Return every entry below word for word and leave out any picture.

==== Provided data

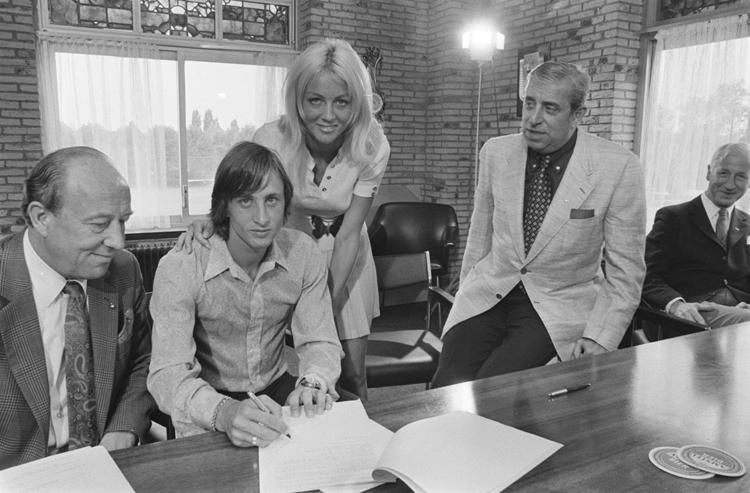 Johann Cruyff itt éppen aláír az Ajaxhoz 1971-ben, felesége, Danny Coster társaságában (forrás: ua-football.com)
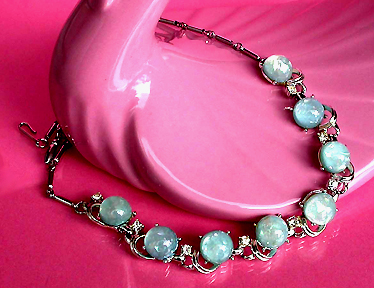 a beautiful vintage costume jewelry necklace unsigned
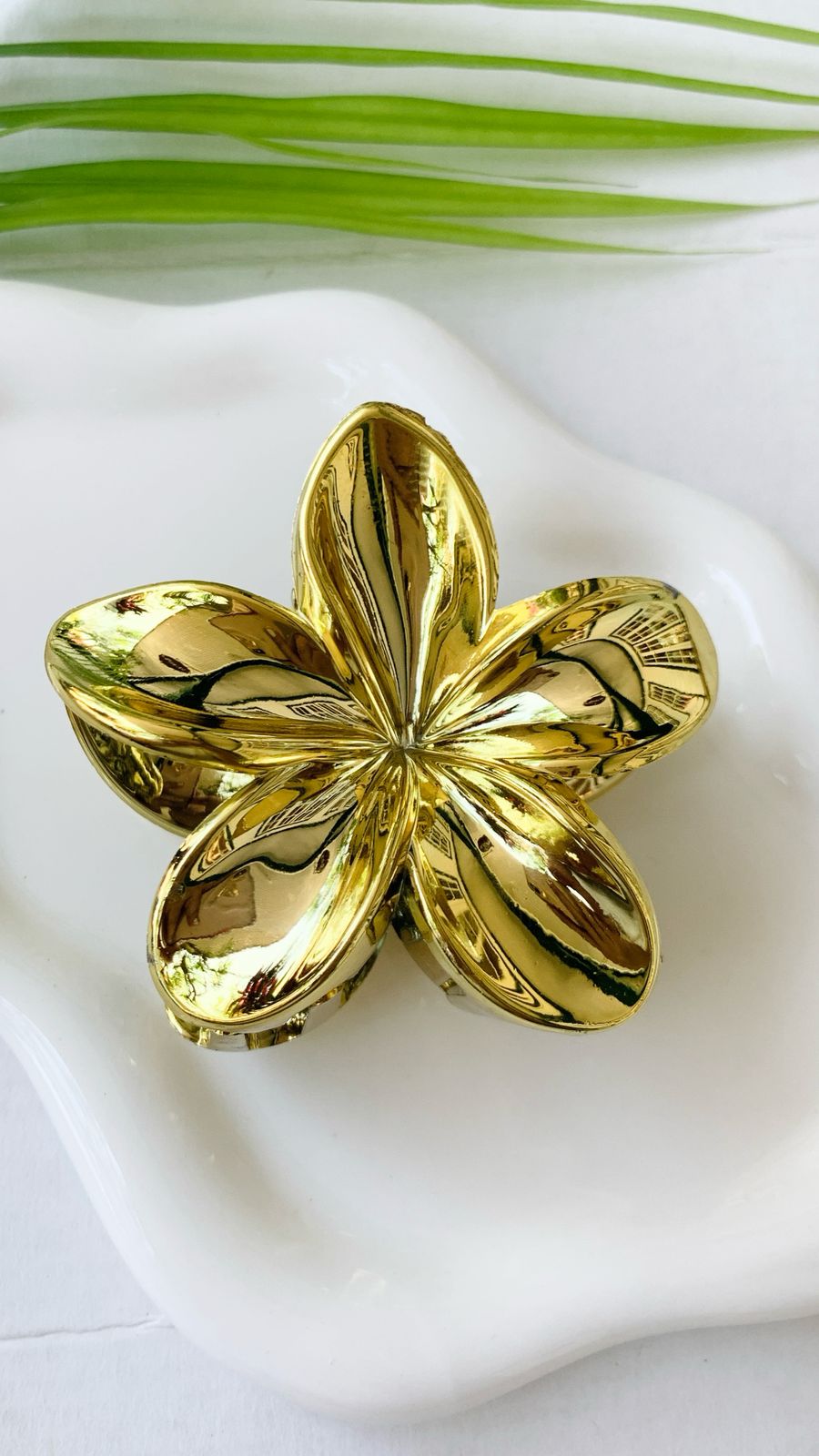 Elegant Flower Hair Clips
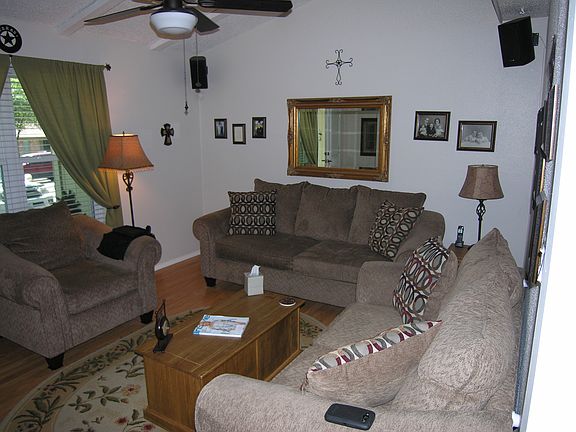 4th image of 204 E Pheasant Dr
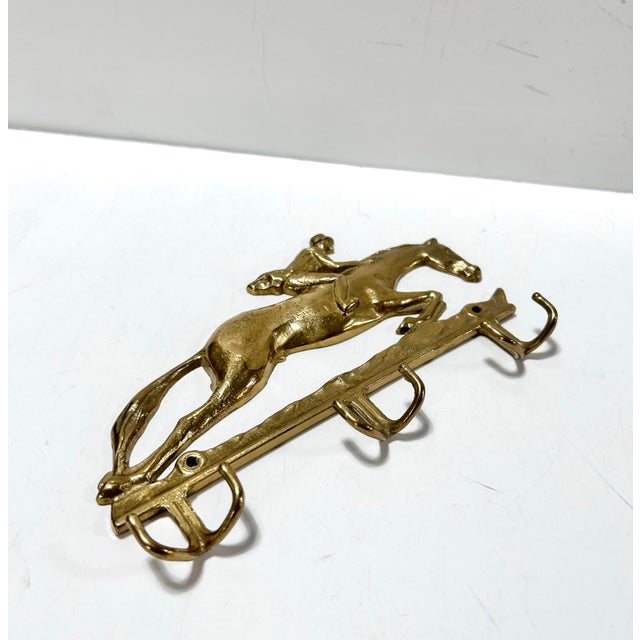 Vintage Brass Equestrian Fox Hunt Wall Hook Rack – English Country Entryway, Ralph Lauren Style, 6 Hook Coat Rack For Sale In Louisville - Image 6 of 7
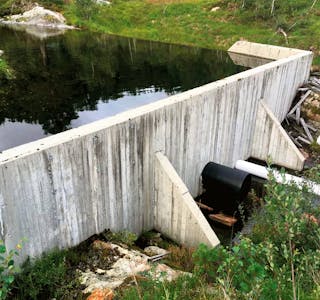 STARTEN: Inntaksdammen i Sætraelva stod klar allereie for 17 år sidan. No håpar utbyggjarane at prosjektet kan fullførast. Høgda på dammen er ca. to meter. 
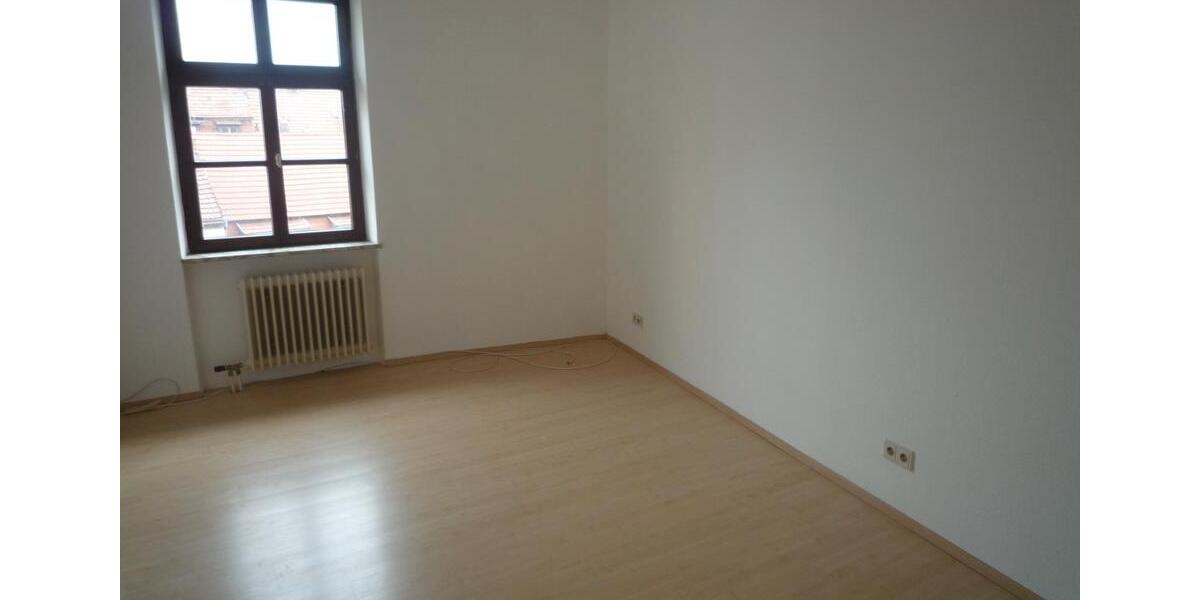 Etagenwohnung Schweinfurt Gartenstadt - 2 Zimmer, 68 m&sup2;, 160.000&euro; | Angebot:25995711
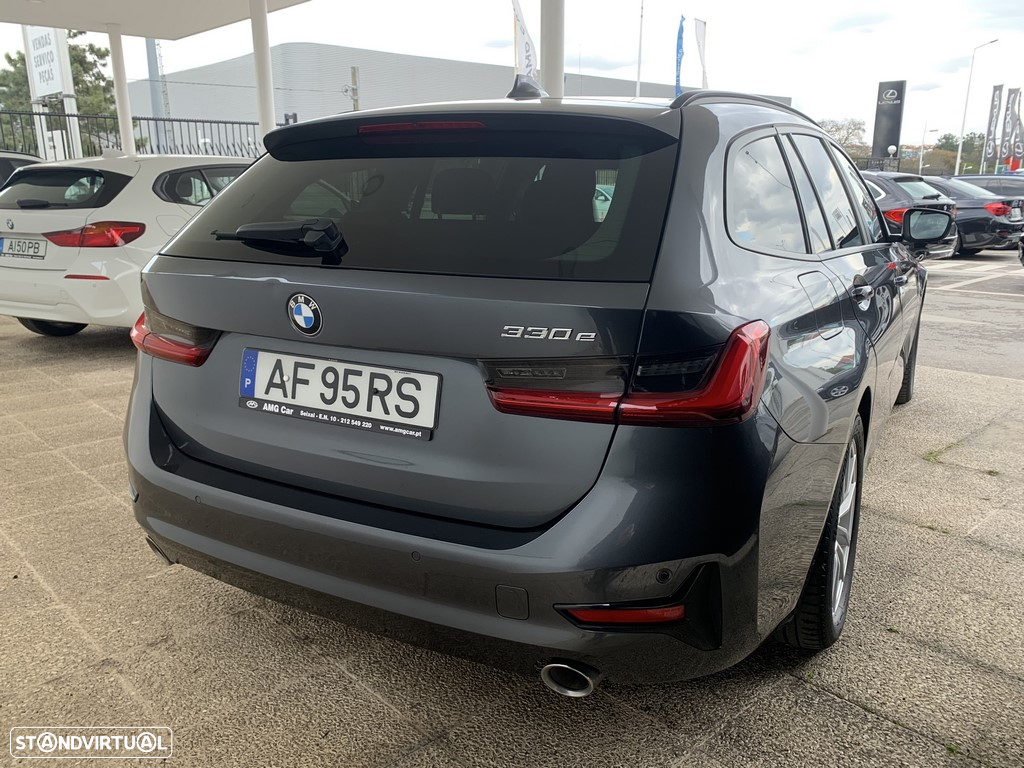 BMW 330 e Touring Line Sport Auto - 16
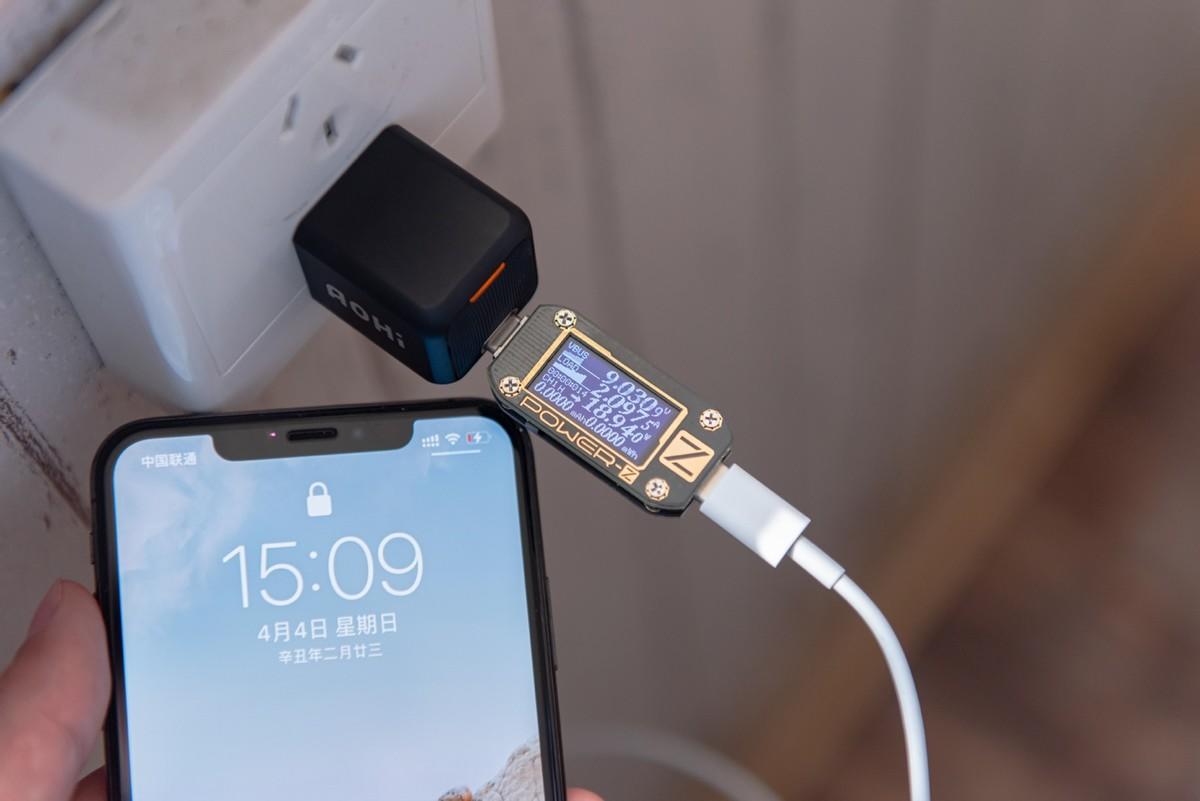 微型快充之战即将来临！它究竟有何魅力？AOHi 30W充电头体验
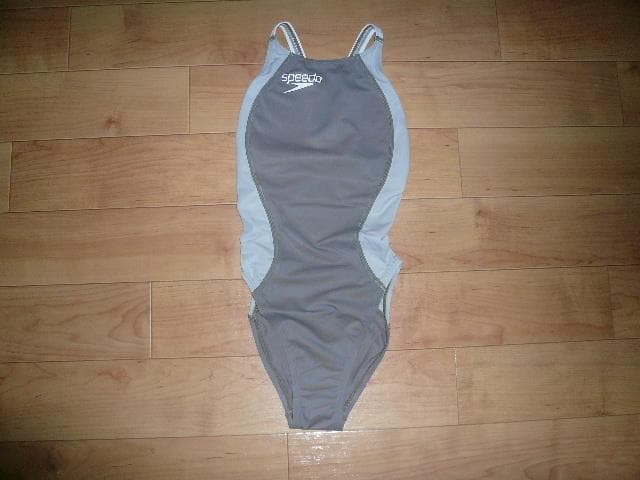 【SPEEDO】貴重な灰カラー！ファーストスキン FS２ 競泳水着 ハイレグ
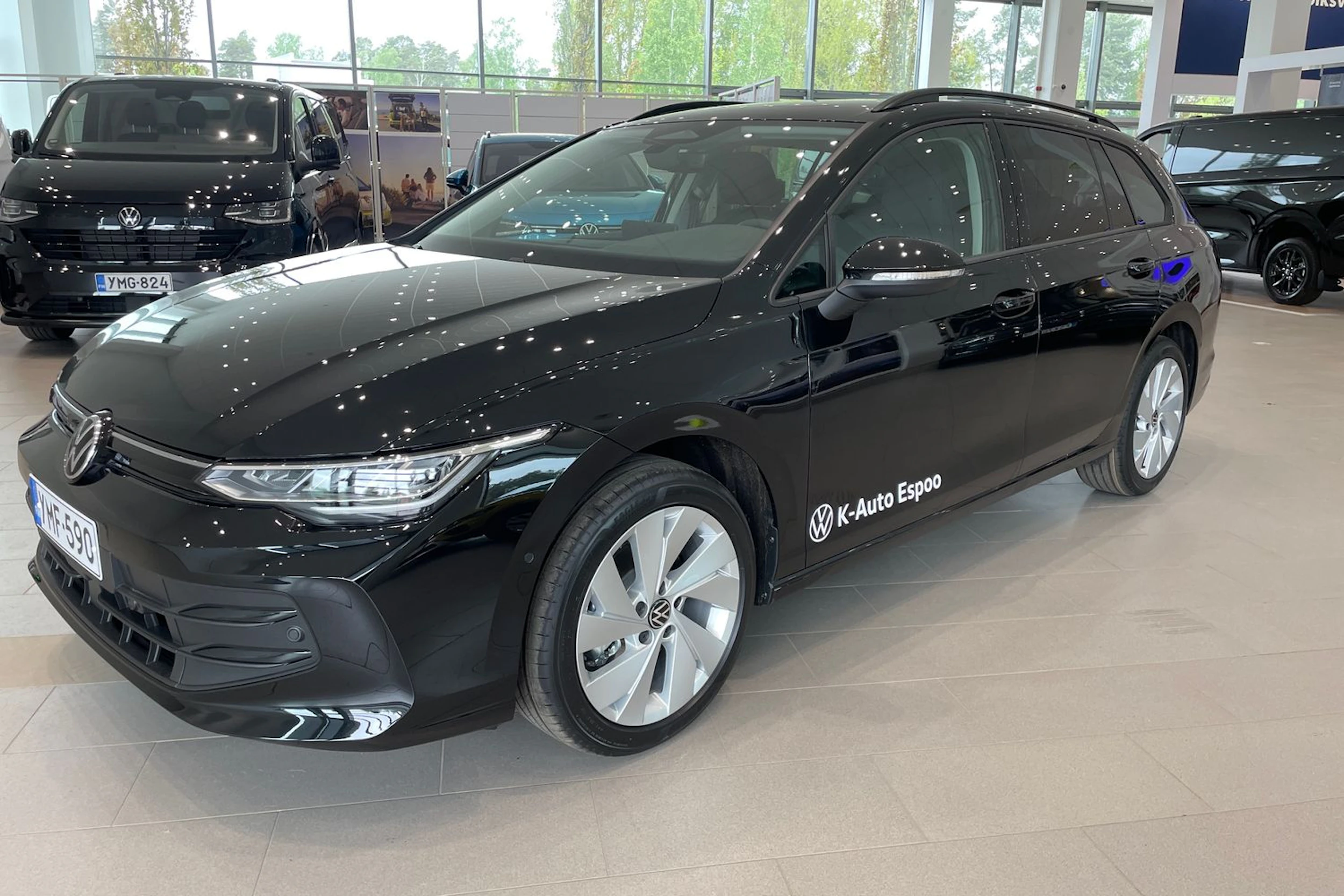 musta Volkswagen Golf 2026 kuva 16.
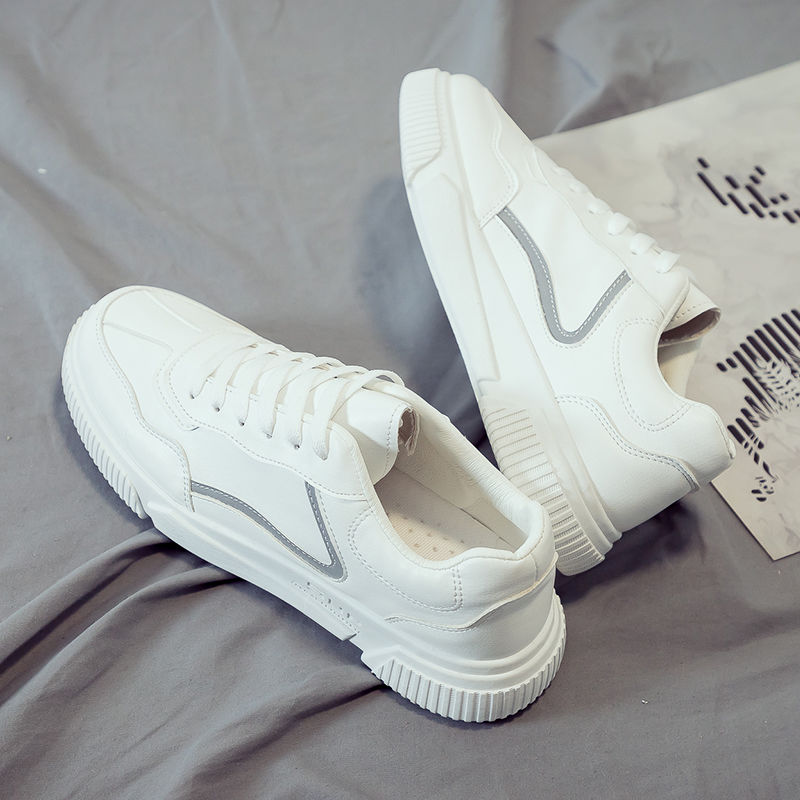 Vulkaniserade sneakers pojkar läder vita skor män skolsportskor klassiska promenadskor man casual tennis: Vit / 9.5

========

### Task answer
 Johann Cruyff itt éppen aláír az Ajaxhoz 1971-ben, felesége, Danny Coster társaságában (forrás: ua-football.com)
 a beautiful vintage costume jewelry necklace unsigned
 Elegant Flower Hair Clips
 4th image of 204 E Pheasant Dr
 Vintage Brass Equestrian Fox Hunt Wall Hook Rack – English Country Entryway, Ralph Lauren Style, 6 Hook Coat Rack For Sale In Louisville - Image 6 of 7
 STARTEN: Inntaksdammen i Sætraelva stod klar allereie for 17 år sidan. No håpar utbyggjarane at prosjektet kan fullførast. Høgda på dammen er ca. to meter. 
 Etagenwohnung Schweinfurt Gartenstadt - 2 Zimmer, 68 m&sup2;, 160.000&euro; | Angebot:25995711
 BMW 330 e Touring Line Sport Auto - 16
 微型快充之战即将来临！它究竟有何魅力？AOHi 30W充电头体验
 【SPEEDO】貴重な灰カラー！ファーストスキン FS２ 競泳水着 ハイレグ
 musta Volkswagen Golf 2026 kuva 16.
 Vulkaniserade sneakers pojkar läder vita skor män skolsportskor klassiska promenadskor man casual tennis: Vit / 9.5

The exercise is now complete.